= Denver Young Artists Orchestra =

American youth orchestra

The Denver Young Artists Orchestra Association (DYAO) is one of the leading youth orchestras in the United States today. It was founded in 1977 by Betty Naster and Carl Topilow in Denver, Colorado. The orchestra maintains a close relationship with the Colorado Symphony Orchestra. Membership is by audition and is limited to musicians aged 8 to 23. Concerts take place in several concert halls in the greater Denver Metro Area including Boettcher Concert Hall, Gates Hall at the University of Denver's Newman Center for the Performing Arts, and Macky Auditorium in Boulder.

The Denver Young Artists Orchestra includes three ensembles: the original orchestra, known simply as DYAO, and two training ensembles: one Conservatory Orchestra and one String Ensemble.
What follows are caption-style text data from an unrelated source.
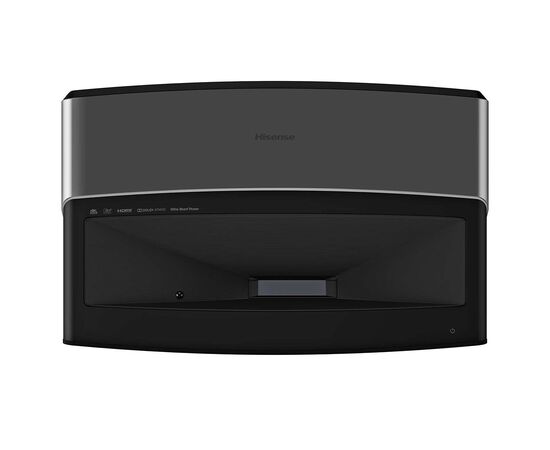  Телевизор Hisense 100L5F Laser TV черный 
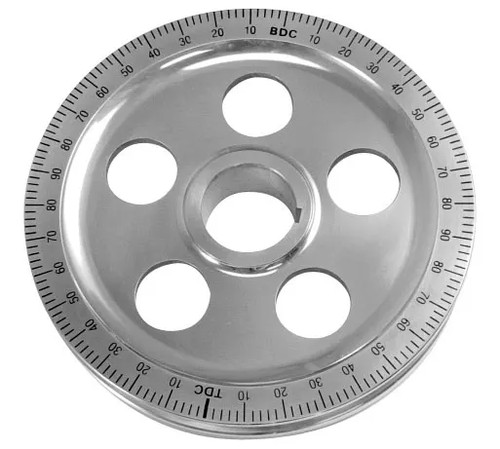 Sand seal pulley bolt - &, bolt-in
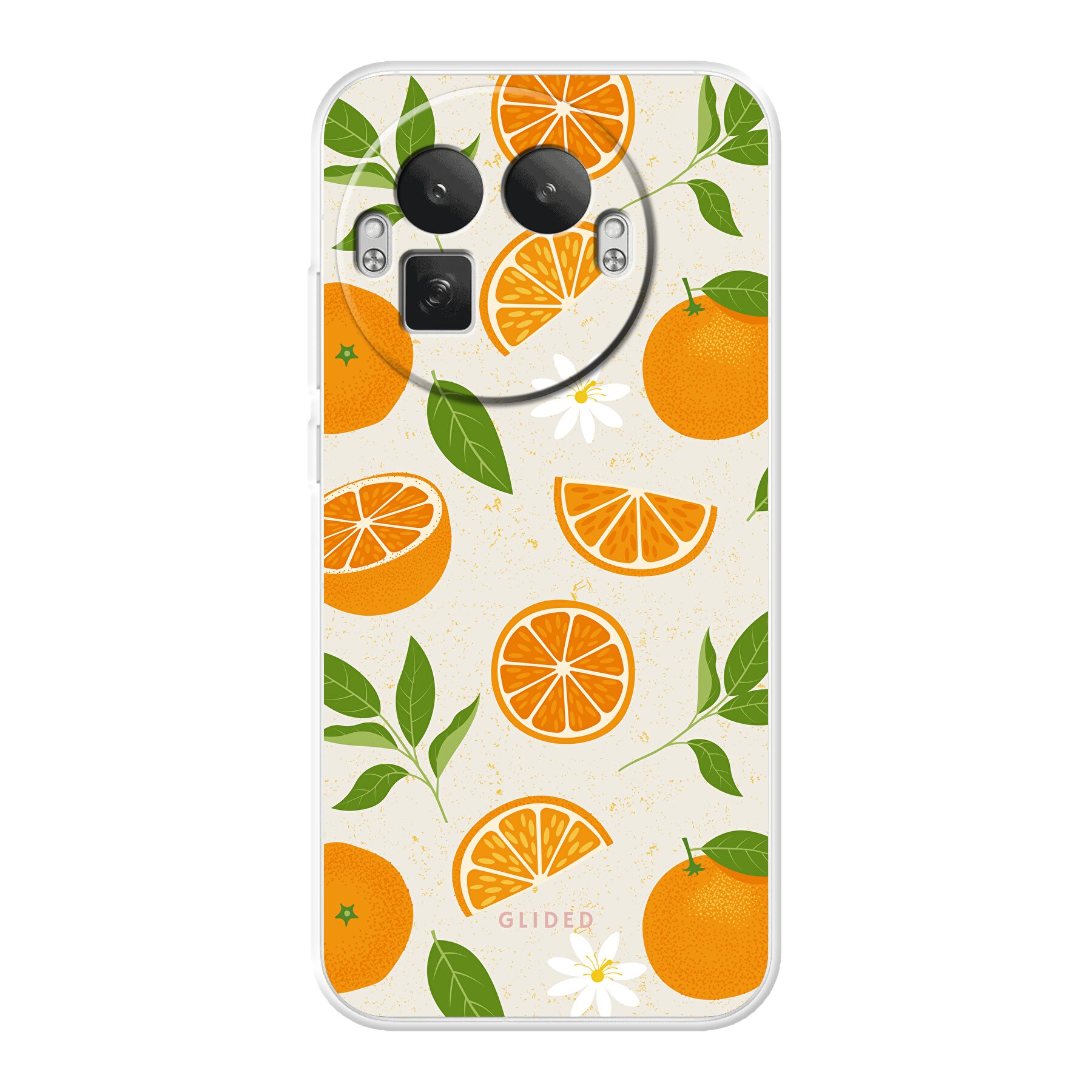 Image du produit Tasty Orange - Realme GT 8 Pro Coque de téléphone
Auditions take place every spring.

DYAO has performed with many prominent soloists over the years, including Wendy Warner, Antonio Pompa-Baldi, and Edgar Meyer. In addition, DYAO has toured internationally several times, to various regions around the world, including Europe and South America. In the summer of 2014, DYAO went on a tour to Italy, France, and Spain.

Many alumni of the DYAO go on to play as professional musicians in well-known orchestras.